City of Lies is only the beginning of the Poison War trilogy, but it functions as a standalone story as well. Sam Hawke’s tale of intrigue and betrayal comes to a seemingly pat ending, but knowing that the story is far from over casts a welcome patina of uncertainty over the state of affairs. This complexity is aided by Hawke’s skilful use of a first-person limited perspective to construct multifaceted and imperfect characters, although they sometimes fall into established fantasy archetypes. Sjona is a fascinating environment as well. Hawke’s politically fraught society is built on subterfuge in a fashion reminiscent of Robin Hobb’s Buckkeep Castle, and her magic system is an interesting take on the type of magic used by writers like Guy Gavriel Kay and Daniel Abraham.

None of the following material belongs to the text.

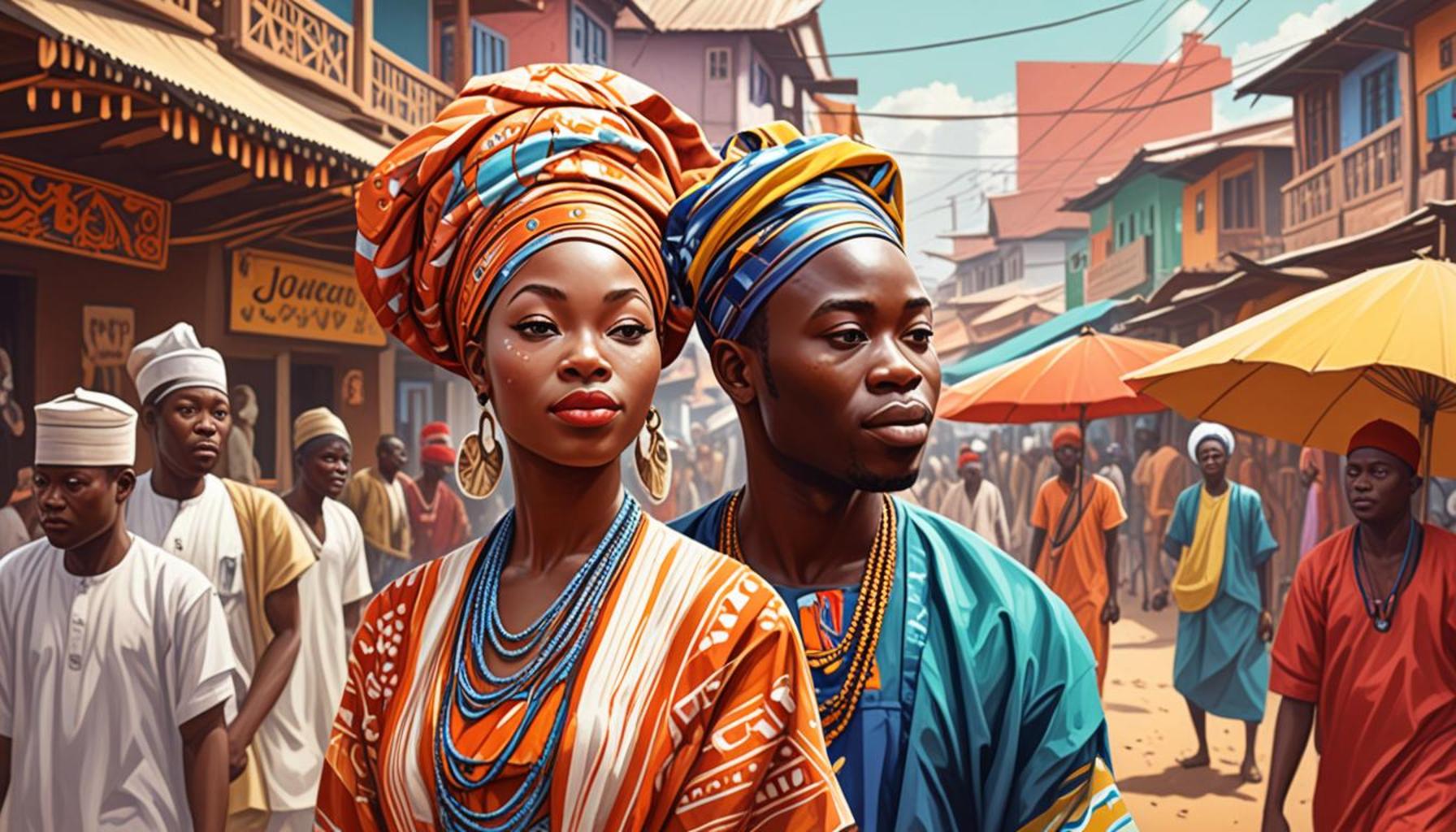 Immersion in Yoruba Culture: Tourist Itineraries in Historic Cities of Nigeria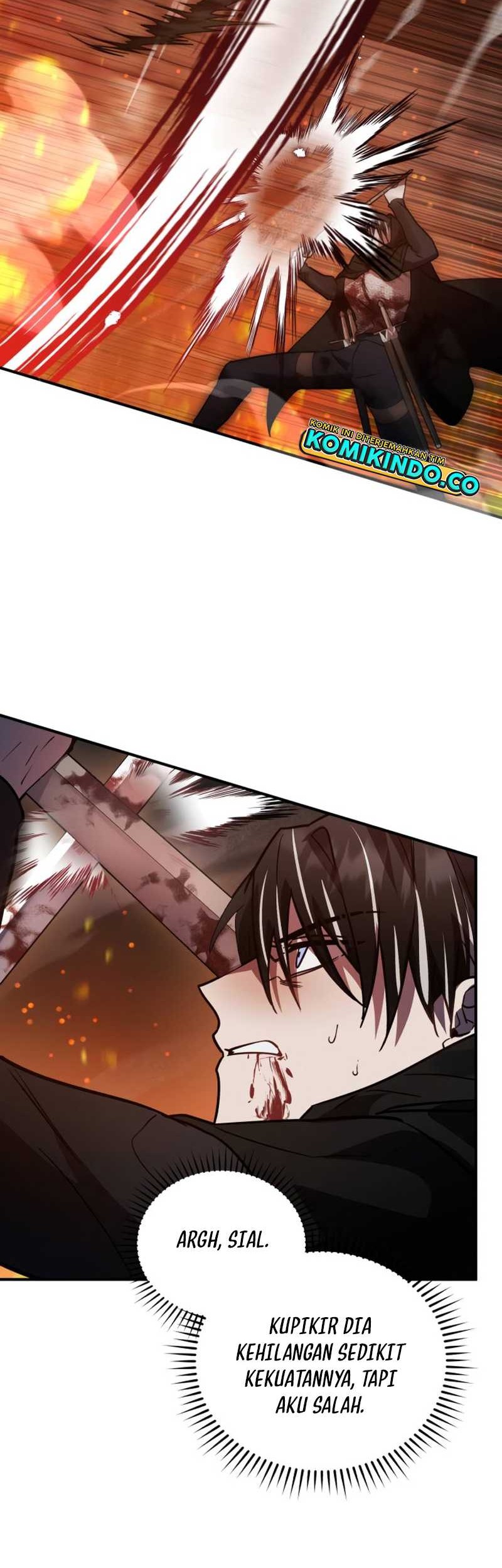 Heroes, Demons & Villains Chapter 44 - halaman 39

Much of City of Lies’ appeal lies in Hawke’s writing style, and the depth and narrative potential of its world and characters. But the most interesting aspect is its approach to conflict. Unlike most typical fantasy works, Hawke presents both sides of a religious war as sympathetic. This is a plot that seems to be full of antagonists, but is actually populated with basically decent people who cannot communicate with each other, either because they do not understand each other’s concerns or because their complaints are too deeply held to be negotiable. Even the real masterminds are merely selfish rather than evil. As a result, City of Lies is a story that resonates beyond its pages without overtly moralizing, which is a rare achievement in any genre.

All told, Sam Hawke’s debut is an engaging, tense and deeply relevant story within an intriguing world that lends itself well to further exploration.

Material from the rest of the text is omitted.